-- WHAT THIS TASK INVOLVES --
Each line from the one containing "Yoga Water by Norbar Fabric" through the last line of the data below should be printed exactly, please, with any pictures omitted.

-- RECORD EXCERPTS --
===
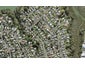 133E Lancaster Road, Beach Haven, Auckland - Carousel 1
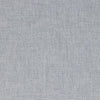 Yoga Water by Norbar Fabric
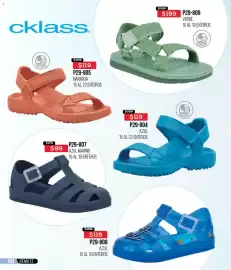 Catálogo Cklass Página 132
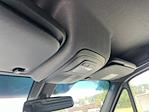 2025 Mercedes-Benz Sprinter 2500 Standard Roof RWD, Empty Cargo Van for sale #CS32563 - photo 30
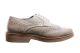 Grijze Oxford Schoenen Heren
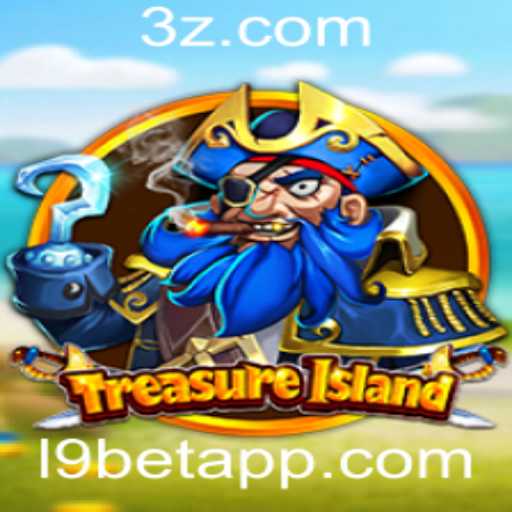 Desvendando as Aventuras de TreasureIsland e as Estratégias do Jogo com l9 bet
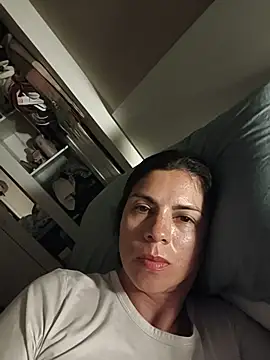 Giorgia_horny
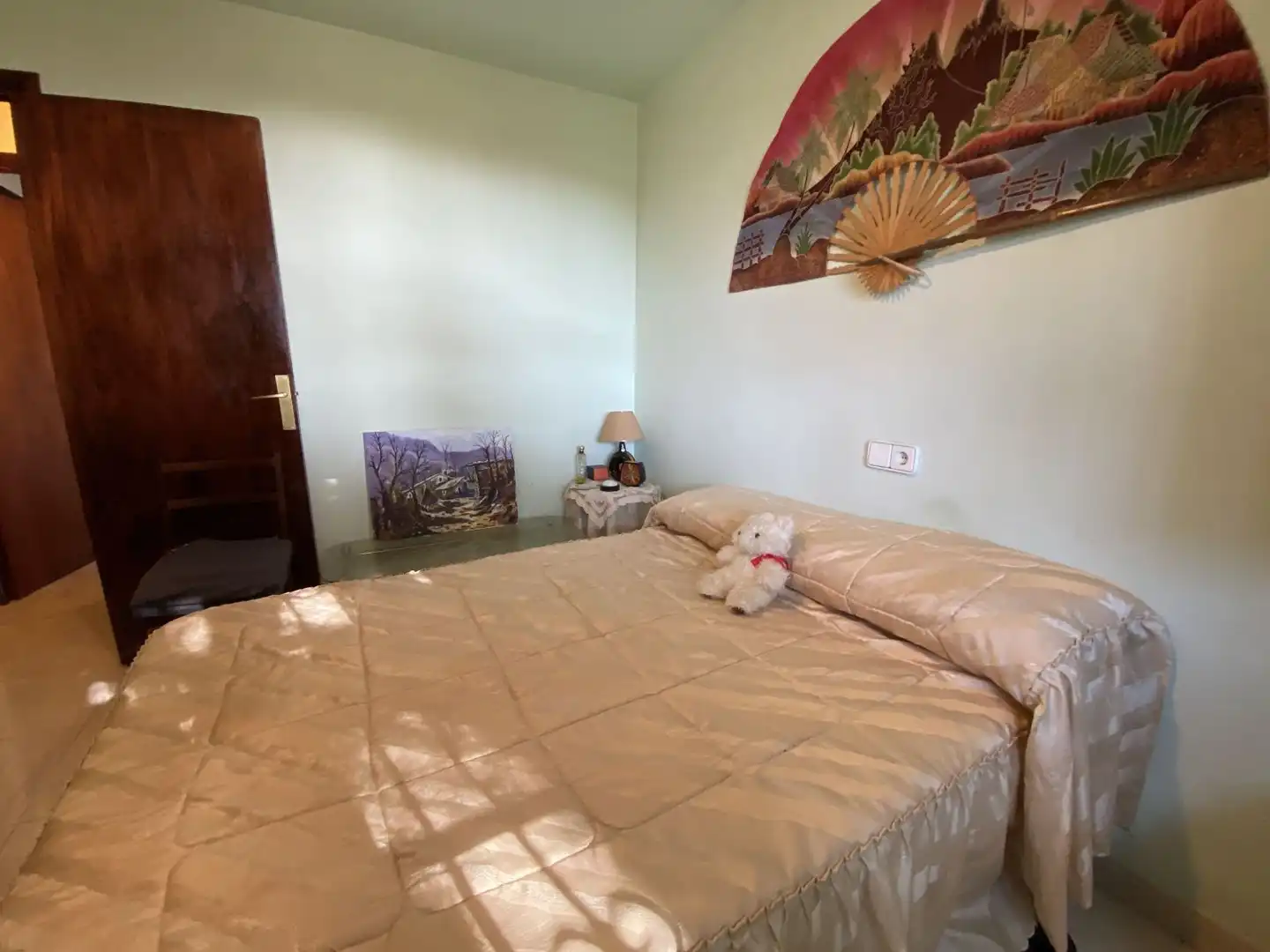 Casa rústica en venta en de les Valls, imagen 18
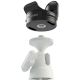 Polaroid Tripod Mount for Polaroid CUBE HD Camera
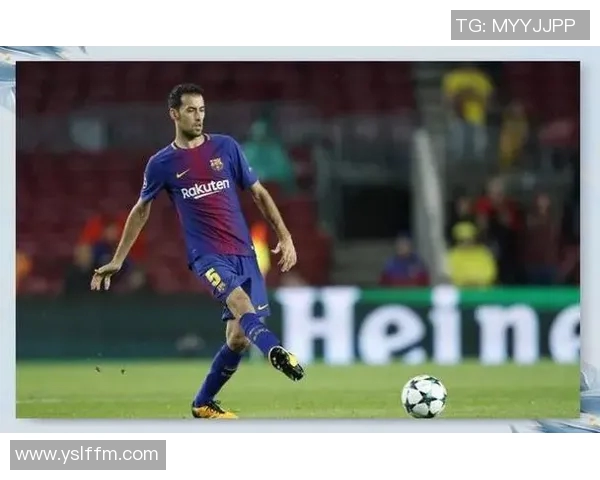 低调却闪耀的足球明星背后的故事与成就揭秘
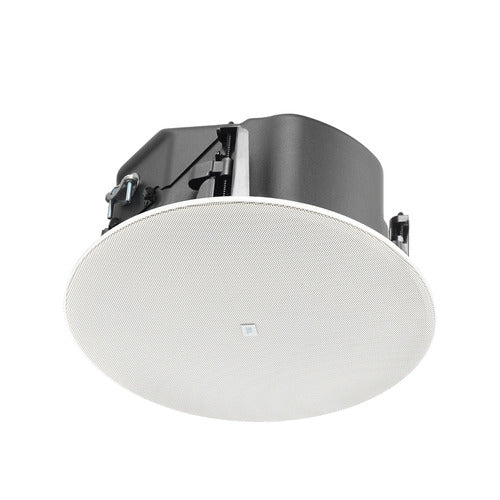 JBL CONTROL® SERIES Control 447LP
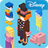 icon Disney CR 1.200.7756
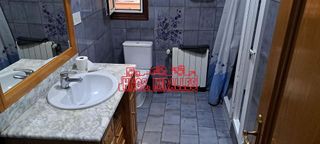 Piso en venta en Aspe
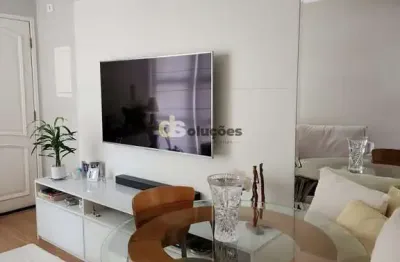 Apartamento à venda com 2 dormitórios na r. itapeva, bela vista, são paulo, sp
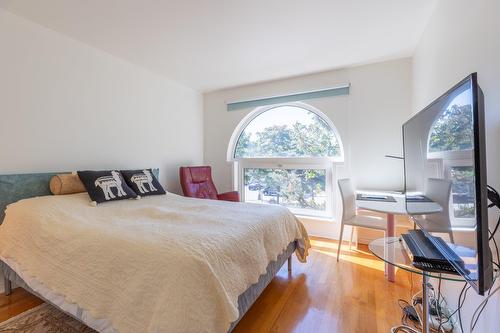 Chambre à coucher - 219 Rue De La Noue, Montréal (Verdun/Île-Des-Soeurs), QC 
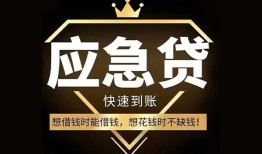 东莞信用私人工程贷款-东莞信用私人24小时借钱-东莞信用短借急用钱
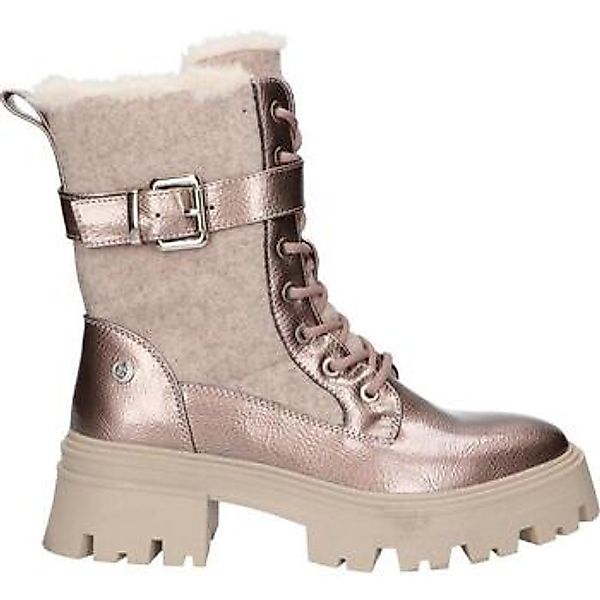 Xti  Stiefeletten 144669 günstig online kaufen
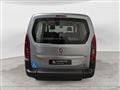 FIAT DOBLÒ 1.5 BlueHdi 100CV Combi N1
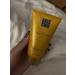 Rituals The Ritual of Mehr Body Cream - 70ml | Sweet Orange & Cedar Wood - Hydrating Luxury for Glowing Skin - Buy Online on GoSupps.com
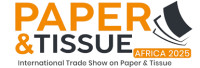 Paper & Tissue Nigeria Kampala 2026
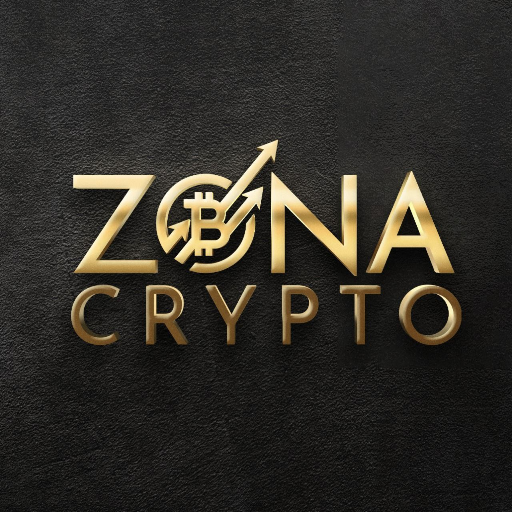 ZonaCryptO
===
-- COMPLETED EXERCISE --
 Yoga Water by Norbar Fabric
 Catálogo Cklass Página 132
 2025 Mercedes-Benz Sprinter 2500 Standard Roof RWD, Empty Cargo Van for sale #CS32563 - photo 30
 Grijze Oxford Schoenen Heren
 Desvendando as Aventuras de TreasureIsland e as Estratégias do Jogo com l9 bet
 Giorgia_horny
 Casa rústica en venta en de les Valls, imagen 18
 Polaroid Tripod Mount for Polaroid CUBE HD Camera
 低调却闪耀的足球明星背后的故事与成就揭秘
 JBL CONTROL® SERIES Control 447LP
 icon Disney CR 1.200.7756
 Piso en venta en Aspe
 Apartamento à venda com 2 dormitórios na r. itapeva, bela vista, são paulo, sp
 Chambre à coucher - 219 Rue De La Noue, Montréal (Verdun/Île-Des-Soeurs), QC 
 东莞信用私人工程贷款-东莞信用私人24小时借钱-东莞信用短借急用钱
 Xti  Stiefeletten 144669 günstig online kaufen
 FIAT DOBLÒ 1.5 BlueHdi 100CV Combi N1
 Rituals The Ritual of Mehr Body Cream - 70ml | Sweet Orange & Cedar Wood - Hydrating Luxury for Glowing Skin - Buy Online on GoSupps.com
 Paper & Tissue Nigeria Kampala 2026
 ZonaCryptO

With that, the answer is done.